Reasoning about left shifts: Is left-shifting an integer by 1 always equivalent to multiplying it by 2 in C? Answer considering overflow and signedness rules.

Introduction / Context:This concept check addresses the common heuristic that a left shift by 1 “multiplies by 2.” While often true for non-overflowing unsigned arithmetic, it is not universally valid in C because of overflow and signedness concerns.

Given Data / Assumptions:

• C integer arithmetic can overflow.
• Signed overflow is undefined behavior.
• Unsigned arithmetic wraps modulo 2^n.

Concept / Approach:For values where 2x fits in range and where the type is unsigned (or where behavior is defined), x << 1 equals x * 2. But if the shift discards significant bits (overflow) or if x is signed and the shift produces a negative or undefined state, the equivalence fails.

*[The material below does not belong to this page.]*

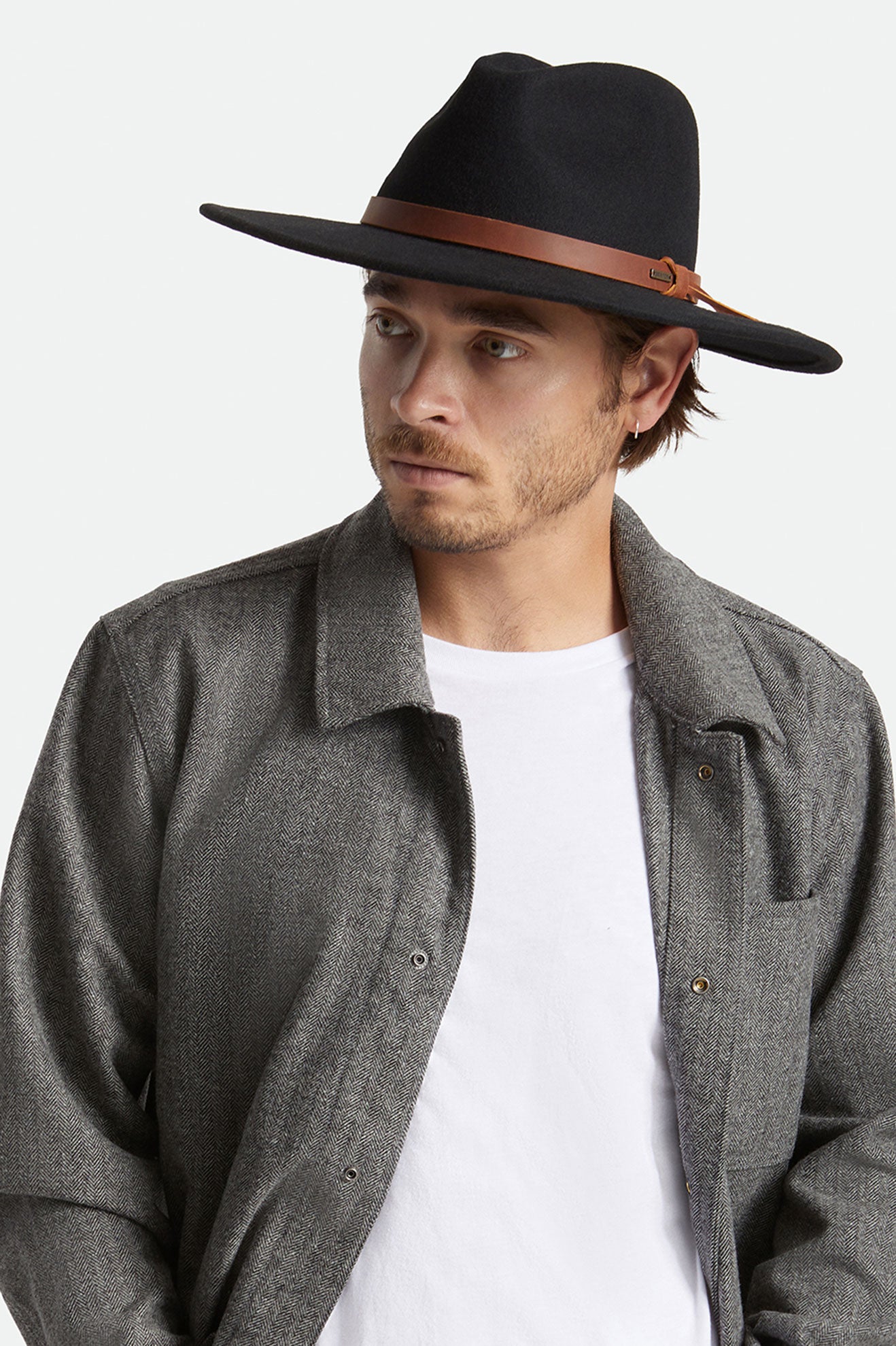 καπελα γυναικεια Brixton Field Proper Hat μαυρα | 36948-NEZF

Step-by-Step Solution:Consider unsigned 8-bit 200: 200 << 1 = 400 mod 256 = 144, not 400.Consider signed int near INT_MAX: shifting left by 1 can overflow → undefined behavior, not equal to 2x.Therefore, “always equivalent” is false.

Verification / Alternative check:Compare x<<1 and x*2 across boundary cases in a small program for unsigned vs. signed types; you will observe differences at extremes.

Why Other Options Are Wrong:True: ignores overflow and undefined behavior.

Common Pitfalls:Overgeneralizing bit tricks; not distinguishing signed from unsigned; forgetting about modulo wrap for unsigned.

Final Answer:False